What the task asks
Set every entry down again precisely.

Data listing
^^^^^^^^
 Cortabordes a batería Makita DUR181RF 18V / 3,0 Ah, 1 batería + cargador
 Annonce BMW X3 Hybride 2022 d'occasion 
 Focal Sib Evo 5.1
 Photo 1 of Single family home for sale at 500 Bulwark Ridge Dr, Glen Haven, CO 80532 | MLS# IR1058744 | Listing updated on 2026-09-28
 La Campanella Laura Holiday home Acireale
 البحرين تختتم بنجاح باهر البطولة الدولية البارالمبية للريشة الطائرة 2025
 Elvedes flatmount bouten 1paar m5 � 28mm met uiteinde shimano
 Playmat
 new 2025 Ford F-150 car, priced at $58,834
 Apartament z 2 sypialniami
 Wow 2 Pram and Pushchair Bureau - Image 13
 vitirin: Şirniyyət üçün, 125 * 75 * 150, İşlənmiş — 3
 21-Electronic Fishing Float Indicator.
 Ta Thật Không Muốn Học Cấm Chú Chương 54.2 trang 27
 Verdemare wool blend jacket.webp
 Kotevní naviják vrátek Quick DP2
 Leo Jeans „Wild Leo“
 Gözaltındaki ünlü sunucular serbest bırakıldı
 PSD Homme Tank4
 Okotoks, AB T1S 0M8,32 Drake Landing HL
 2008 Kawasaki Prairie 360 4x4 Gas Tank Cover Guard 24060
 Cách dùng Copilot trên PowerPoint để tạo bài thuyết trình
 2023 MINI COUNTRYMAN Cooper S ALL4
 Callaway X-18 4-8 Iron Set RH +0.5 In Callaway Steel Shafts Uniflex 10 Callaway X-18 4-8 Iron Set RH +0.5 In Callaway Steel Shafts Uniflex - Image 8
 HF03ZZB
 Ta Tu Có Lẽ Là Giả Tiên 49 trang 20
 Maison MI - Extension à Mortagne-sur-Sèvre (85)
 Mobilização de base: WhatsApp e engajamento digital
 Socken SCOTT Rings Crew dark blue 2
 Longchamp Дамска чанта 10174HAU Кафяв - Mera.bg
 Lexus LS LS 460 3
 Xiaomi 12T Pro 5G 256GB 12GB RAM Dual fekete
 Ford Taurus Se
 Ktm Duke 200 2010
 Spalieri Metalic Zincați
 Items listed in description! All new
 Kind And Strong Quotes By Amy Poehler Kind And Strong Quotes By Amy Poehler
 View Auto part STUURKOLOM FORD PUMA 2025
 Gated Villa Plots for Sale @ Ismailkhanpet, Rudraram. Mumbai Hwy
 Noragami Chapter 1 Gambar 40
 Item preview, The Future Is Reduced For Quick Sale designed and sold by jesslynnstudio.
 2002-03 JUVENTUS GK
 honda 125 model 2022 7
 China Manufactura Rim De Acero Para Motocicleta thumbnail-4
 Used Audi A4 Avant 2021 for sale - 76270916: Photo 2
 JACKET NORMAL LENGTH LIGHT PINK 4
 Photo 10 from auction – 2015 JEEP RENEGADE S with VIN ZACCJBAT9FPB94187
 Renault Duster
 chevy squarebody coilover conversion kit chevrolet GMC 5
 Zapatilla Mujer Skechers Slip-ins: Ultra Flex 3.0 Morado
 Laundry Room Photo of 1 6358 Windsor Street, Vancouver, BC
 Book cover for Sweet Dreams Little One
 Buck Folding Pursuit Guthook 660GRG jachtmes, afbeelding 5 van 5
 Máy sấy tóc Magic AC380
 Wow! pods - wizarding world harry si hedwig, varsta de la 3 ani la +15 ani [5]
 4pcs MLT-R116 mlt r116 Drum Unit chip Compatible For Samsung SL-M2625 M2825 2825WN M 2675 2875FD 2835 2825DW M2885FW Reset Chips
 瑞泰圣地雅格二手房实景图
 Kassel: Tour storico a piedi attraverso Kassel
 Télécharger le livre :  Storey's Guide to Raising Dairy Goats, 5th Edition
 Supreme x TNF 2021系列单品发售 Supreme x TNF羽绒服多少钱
^^^^^^^^
Solved problem
 Cortabordes a batería Makita DUR181RF 18V / 3,0 Ah, 1 batería + cargador
 Annonce BMW X3 Hybride 2022 d'occasion 
 Focal Sib Evo 5.1
 Photo 1 of Single family home for sale at 500 Bulwark Ridge Dr, Glen Haven, CO 80532 | MLS# IR1058744 | Listing updated on 2026-09-28
 La Campanella Laura Holiday home Acireale
 البحرين تختتم بنجاح باهر البطولة الدولية البارالمبية للريشة الطائرة 2025
 Elvedes flatmount bouten 1paar m5 � 28mm met uiteinde shimano
 Playmat
 new 2025 Ford F-150 car, priced at $58,834
 Apartament z 2 sypialniami
 Wow 2 Pram and Pushchair Bureau - Image 13
 vitirin: Şirniyyət üçün, 125 * 75 * 150, İşlənmiş — 3
 21-Electronic Fishing Float Indicator.
 Ta Thật Không Muốn Học Cấm Chú Chương 54.2 trang 27
 Verdemare wool blend jacket.webp
 Kotevní naviják vrátek Quick DP2
 Leo Jeans „Wild Leo“
 Gözaltındaki ünlü sunucular serbest bırakıldı
 PSD Homme Tank4
 Okotoks, AB T1S 0M8,32 Drake Landing HL
 2008 Kawasaki Prairie 360 4x4 Gas Tank Cover Guard 24060
 Cách dùng Copilot trên PowerPoint để tạo bài thuyết trình
 2023 MINI COUNTRYMAN Cooper S ALL4
 Callaway X-18 4-8 Iron Set RH +0.5 In Callaway Steel Shafts Uniflex 10 Callaway X-18 4-8 Iron Set RH +0.5 In Callaway Steel Shafts Uniflex - Image 8
 HF03ZZB
 Ta Tu Có Lẽ Là Giả Tiên 49 trang 20
 Maison MI - Extension à Mortagne-sur-Sèvre (85)
 Mobilização de base: WhatsApp e engajamento digital
 Socken SCOTT Rings Crew dark blue 2
 Longchamp Дамска чанта 10174HAU Кафяв - Mera.bg
 Lexus LS LS 460 3
 Xiaomi 12T Pro 5G 256GB 12GB RAM Dual fekete
 Ford Taurus Se
 Ktm Duke 200 2010
 Spalieri Metalic Zincați
 Items listed in description! All new
 Kind And Strong Quotes By Amy Poehler Kind And Strong Quotes By Amy Poehler
 View Auto part STUURKOLOM FORD PUMA 2025
 Gated Villa Plots for Sale @ Ismailkhanpet, Rudraram. Mumbai Hwy
 Noragami Chapter 1 Gambar 40
 Item preview, The Future Is Reduced For Quick Sale designed and sold by jesslynnstudio.
 2002-03 JUVENTUS GK
 honda 125 model 2022 7
 China Manufactura Rim De Acero Para Motocicleta thumbnail-4
 Used Audi A4 Avant 2021 for sale - 76270916: Photo 2
 JACKET NORMAL LENGTH LIGHT PINK 4
 Photo 10 from auction – 2015 JEEP RENEGADE S with VIN ZACCJBAT9FPB94187
 Renault Duster
 chevy squarebody coilover conversion kit chevrolet GMC 5
 Zapatilla Mujer Skechers Slip-ins: Ultra Flex 3.0 Morado
 Laundry Room Photo of 1 6358 Windsor Street, Vancouver, BC
 Book cover for Sweet Dreams Little One
 Buck Folding Pursuit Guthook 660GRG jachtmes, afbeelding 5 van 5
 Máy sấy tóc Magic AC380
 Wow! pods - wizarding world harry si hedwig, varsta de la 3 ani la +15 ani [5]
 4pcs MLT-R116 mlt r116 Drum Unit chip Compatible For Samsung SL-M2625 M2825 2825WN M 2675 2875FD 2835 2825DW M2885FW Reset Chips
 瑞泰圣地雅格二手房实景图
 Kassel: Tour storico a piedi attraverso Kassel
 Télécharger le livre :  Storey's Guide to Raising Dairy Goats, 5th Edition
 Supreme x TNF 2021系列单品发售 Supreme x TNF羽绒服多少钱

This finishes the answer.